Em Cuba, a população desarmada é explorada por um regime comunista ditatorial há mais de 60 anos. Na Venezuela, a população desarmada e faminta é reprimida pela polícia e pelo exército. Na Coréia do Norte, provavelmente o regime mais bizarro e violento da atualidade, a população desarmada não tem outra escolha a não ser reverenciar Kim Jon Un enquanto as crianças disputam comida no lixo. Os versos de “Imagine” não parecem comover o ditador coreano.
No Brasil atual, a população desarmada não enfrenta nada parecido com o regime cubano ou coreano, é verdade. Mas também é verdade que a classe política brasileira vive muito melhor que os governantes tirânicos da atualidade, sem enfrentar qualquer protesto mais sério, o que torna completamente desnecessário uma atuação mais repressiva. Os parlamentares brasileiros são os mais bem remunerados da América Latina: recebem R$33.763,00 por mês (brutos); verba de gabinete de R$ 97.116,13; cota parlamentar que gira em torno de R$ 37.043,53; auxílio-moradia de R$ 4.253,00.
Também tem direito a um plano de saúde com convênio nos hospitais Sírio-Libanês e Albert Einstein de São Paulo (os dois melhores do Brasil). Para tanto, pagam o singelo valor de R$ 322,00 por mês. Isso para não falar na segurança fortemente armada e nos veículos blindados que os tornam intocáveis. E por acaso o leitor é capaz de lembrar a última vez em que um político do alto escalão sofreu alguma violência, como um roubo ou um homicídio? À exceção do caso de Bolsonaro, que aliás desobedeceu os conselhos de seus seguranças, fato excepcionalíssimo, não me recordo de nenhuma outra situação.
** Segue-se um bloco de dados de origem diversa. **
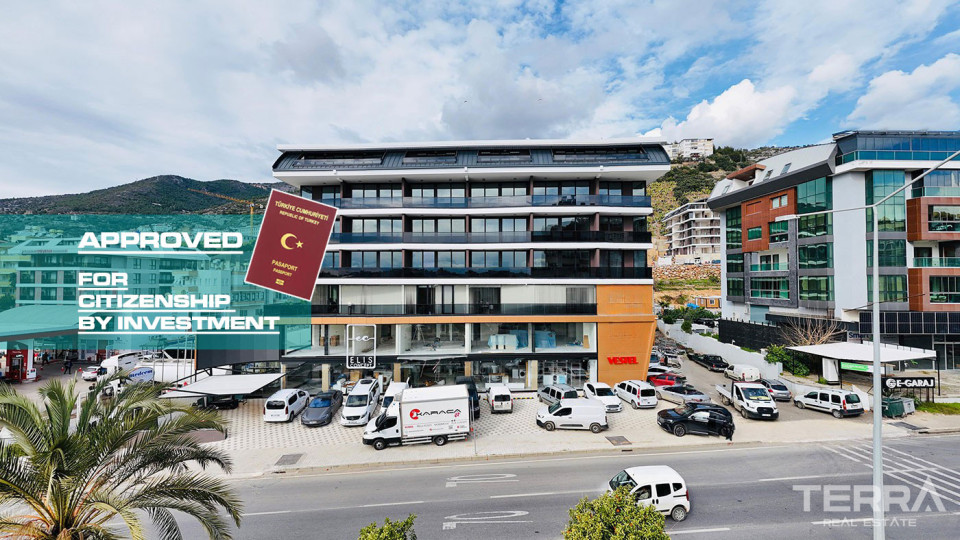 Sea View Apartments in the Center of Alanya, 450 m from the Beach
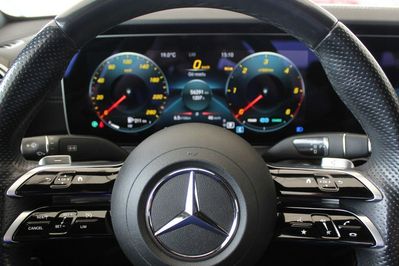 Mercedes Klasa E 220 d 4MATIC 9G-Tronic AMG Line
A hipocrisia não é pouca: os mesmos políticos e artistas da grande mídia que tanto defenderam o desarmamento e a democracia, e que não saem de casa sem um forte esquema de segurança armada, impuseram a entrega das armas ao restante da população, virando as costas e fazendo-se de surdos ao resultado do Referendo que em 2005 questionou o povo sobre a manutenção do comércio de armas no Brasil. Naquela ocasião, apenas 36,06% da população optou pela proibição do comércio de armas, enquanto que 63,94% optou pela sua preservação.
Mesmo assim a lei mais restritiva do mundo em matéria de acesso às armas foi aprovada, o que mostra a noção de democracia da nossa classe política. Membros de uma aristocracia ultra-privilegiada, não precisam enfrentar a realidade brasileira. Pois no mundo das pessoas que acordam cedo para trabalhar todos os dias, pegam ônibus e enfrentam fila para receber auxílio-doença ou fazer uma consulta médica, criminosos fortemente armados fazem tocaia em qualquer esquina.
O Estatuto do Desarmamento nunca cumpriu sua promessa: estima-se que somente no Rio de Janeiro, 3.500 fuzis estejam nas mãos de criminosos. Isso para não falar nas pistolas automáticas, metralhadoras e granadas. Aliás, creio que se uma viagem no tempo fosse possível, e se reuníssemos todos os criminosos do Brasil com suas armas atuais, facilmente seria possível dizimar o exército nazista e fascista juntos. Eis a guerra que a população brasileira enfrenta, desarmada, todos os dias.
Resultado: após o Estatuto do Desarmamento, nos tornamos o país mais violento do mundo, com mais de 60 mil homicídios por ano. Recentemente também ascendemos ao topo do ranking mundial de estupros, roubos e corrupção.
Quando entregamos nossas armas, abdicamos do direito à legítima defesa, e com isso, da nossa paz e da nossa liberdade. Se déssemos ouvidos ao que diz a História, saberíamos que em um mundo cheio de pequenos e grandes tiranos, dispostos a escravizar, roubar e exterminar, abrir mão das armas é simplesmente loucura.